Strauß selbst wurden zu Lebzeiten die Ehrendoktorwürden der Universitäten Cleveland und Kalamazoo (1962), Chicago (1964), Detroit (1965), Santiago de Chile (1977), Dallas (1980), Maryland (1983) sowie München (1985) verliehen.

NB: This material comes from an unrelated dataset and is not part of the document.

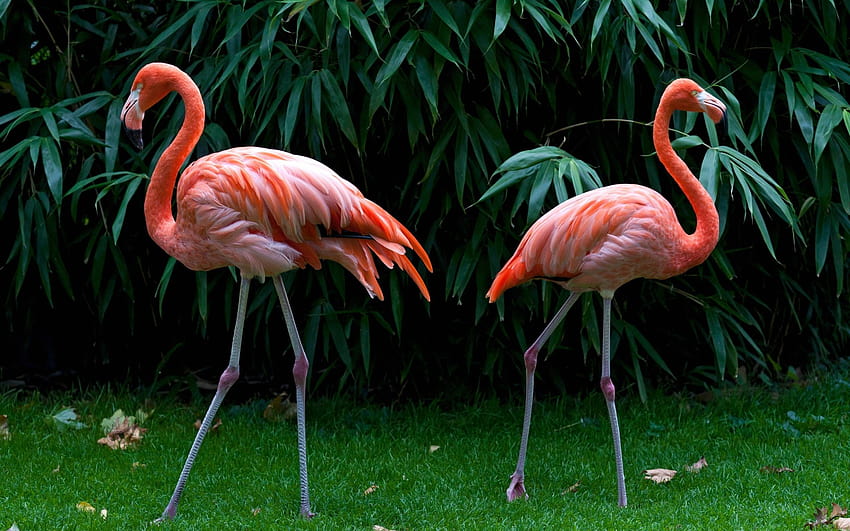 telewizor flamingo albert Tapeta HD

- Günther Beckstein hatte im September 2008 bei einer Bierzeltrede für vertretbar erklärt, dass sich ein Autofahrer nach zwei Maß Bier noch ans Steuer setzt. Das weckt bei FJS Erinnerungen: „Zu meiner Zeit hat man noch gefragt: Wie kriegt man das bayerische Kabinett auf 0,8 Promille? Antwort: Indem man ihm drei Tage nichts zu trinken gibt.“

- Als Horst Seehofer im Oktober 2008 vom Landtag zum Ministerpräsidenten gewählt wird, lästert der (un-)tote Strauß: „Wenn ich schon höre, dass man diesem Horst Seehofer ein uneheliches Kind andichten musste, damit er wenigstens eine Affäre hat! Wissen die denn nicht, dass bei einem bayerischen Ministerpräsidenten nur eines wichtig ist: dass man nicht an einen Rehpinscher denkt, wenn man sagt: ,A Hund is a scho.’“

- FJS über den früheren CSU-Fraktionschef im Landtag Georg Schmid, der im Zuge der Verwandtenaffäre zurücktrat: „Da schreien die Sozialdemokraten Jahr und Tag nach einem branchenübergreifenden Mindestlohn, und wenn dann mal einer seiner Sekretärin 5500 Euro im Monat zahlt, ist es auch wieder nicht recht.“ Schmid hatte seine Ehefrau auf Werkvertragsbasis 23 Jahre lang beschäftigt.

- Bundeskanzlerin Angela Merkel nennt Schleichs Strauß eine „fastrussische Zonenwachtel im Kanzleramt“. Das Jahr 2005 ist für ihn durchaus verwirrend: „Die Merkel wird Kanzlerin, und der Schröder wird Putins Gasmann – langsam fragt man sich schon, ob es wirklich so klug war, den Eisernen Vorhang aufzumachen.“

Und als dann im Jahr 2012 auch noch Joachim Gauck Bundespräsident wird, tönt es im Himmel: „Das ist ja eine Personalsituation, da hätte man zu meiner Zeit noch den Verteidigungsfall ausgerufen.“

- FJS über den Steuersünder Uli Hoeneß: „Er hat Großes geleistet, der Uli Hoeneß, heißt es. Ja sicher. Natürlich hat er Großes geleistet. Aber halt für seine eigenen Firmen. Eine für Bratwürste und eine für Fußballhanswursten.“

- Frei von Zukunftsangst ist selbst der verblichene FJS nicht, siehe Kommentar zum Ötzi-Fund 1991: „Und dann der Name: Ötzi. Was für eine Respektlosigkeit! Vielleicht war er der Ministerpräsident vom Ötztal, und keiner von den Trotteln weiß das heute noch. Wenn’s mich in 5000 Jahren in meiner Gruft entdecken, kann vielleicht auch keiner mehr sagen, wer ich zu Lebzeiten war, und dann nennen sie mich am Ende Rotti, bloß weil sie mich in Rott am Inn gefunden haben.“

Franz Josef Strauß, Mein Tagebuch von 1988 bis heute, Autoren: Helmut Schleich und Thomas Merk; Droemer-Verlag, 14,99 Euro.